An Islamic extremist double-murderer who cost the taxpayer almost £240,000 when he sued over being kept in solitary confinement had previously held a prison officer hostage at knife point - and told him: ‘I’ve killed two people and I’ll kill you’.
Drug gangster turned jihadist sympathiser Fuad Awale, 38, used European rights laws to argue that his being locked up alone was unfair - despite the move following his hostage taking terror attack.
The full shocking details of that brutal siege in which Awale’s victim feared he would die make his High Court-approved compensation and costs settlement even more provocative.
Awale, who was serving life for the execution‑style killings of two teenagers, ambushed prison warden Richard Thompson inside Full Sutton prison, near York, in May 2013 - just days after soldier Lee Rigby was murdered in a jihadi street attack in south London.

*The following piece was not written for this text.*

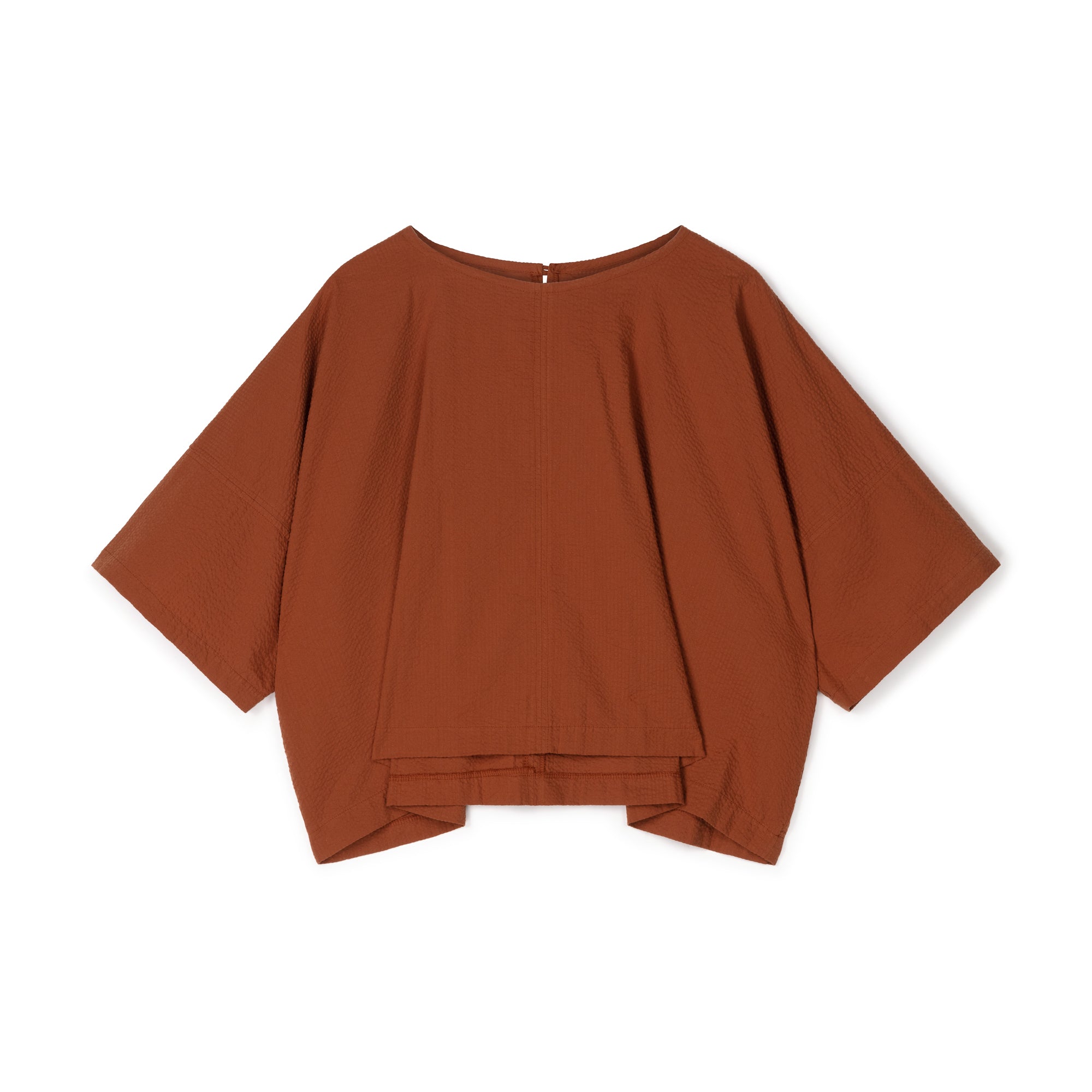 Burnt orange, short-sleeved, boxy top with a textured fabric and a slightly gathered hem.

Alongside fellow Islamist extremist Feroz Khan, Awale held Mr Thompson captive for five hours in which he was pinned to a chair, beaten and threatened with execution.
At one terrifying point, the Somali-born extremist pressed a makeshift blade to the officer’s throat, snarling: ‘Stop struggling. I’ve killed two people - I’ll kill you.’

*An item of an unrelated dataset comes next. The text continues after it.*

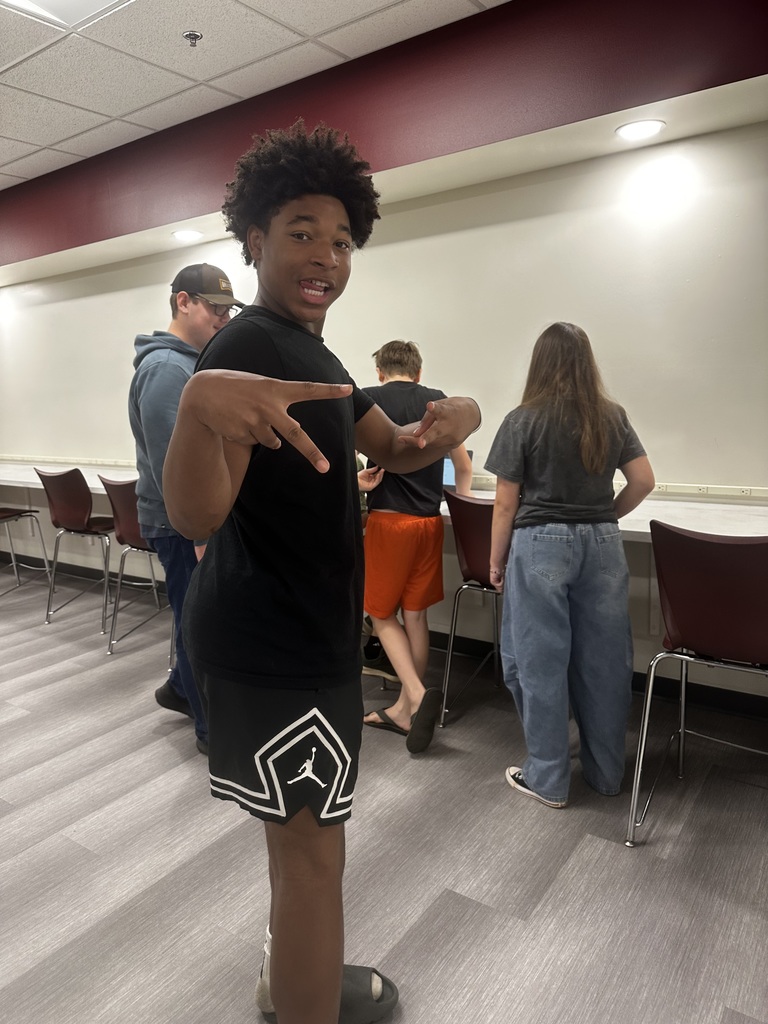 Student working together, one of them giving peace signs as they work on their video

Mr Thompson later recalled the ordeal in court, telling jurors: ‘I saw Awale playing with the knives. At one stage he was rubbing the knives together, rather like someone who was preparing to carve up a Sunday roast.’

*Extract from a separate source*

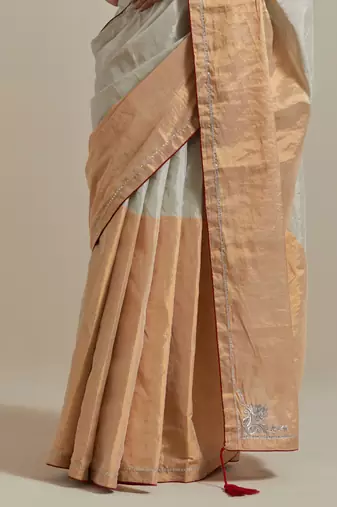 A colour-block saree with silver and gold zari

Awale also asked convicted killer Khan: ‘Can I give him one in a non-vital area?’ and later said: ‘I thought his head would have come off by now.’
Drug gangster turned jihadist sympathiser Fuad Awale, 38, used European rights laws to argue being locked up alone was unfair - despite the move following his hostage taking terror attack
Mohammed Abdi Farah and Amin Ahmed Ismail (pictured) were shot and killed by Fuad Awale in 2011
The court heard Awale previously asked to associate with one of the Islamic extremist killers of Fusilier Lee Rigby (pictured) - but was denied the request due to 'counter-terrorism concerns'
The officer said he had ‘every belief’ he would be killed if he did not do as ordered because of the ‘intensity and seriousness’ Awale had displayed.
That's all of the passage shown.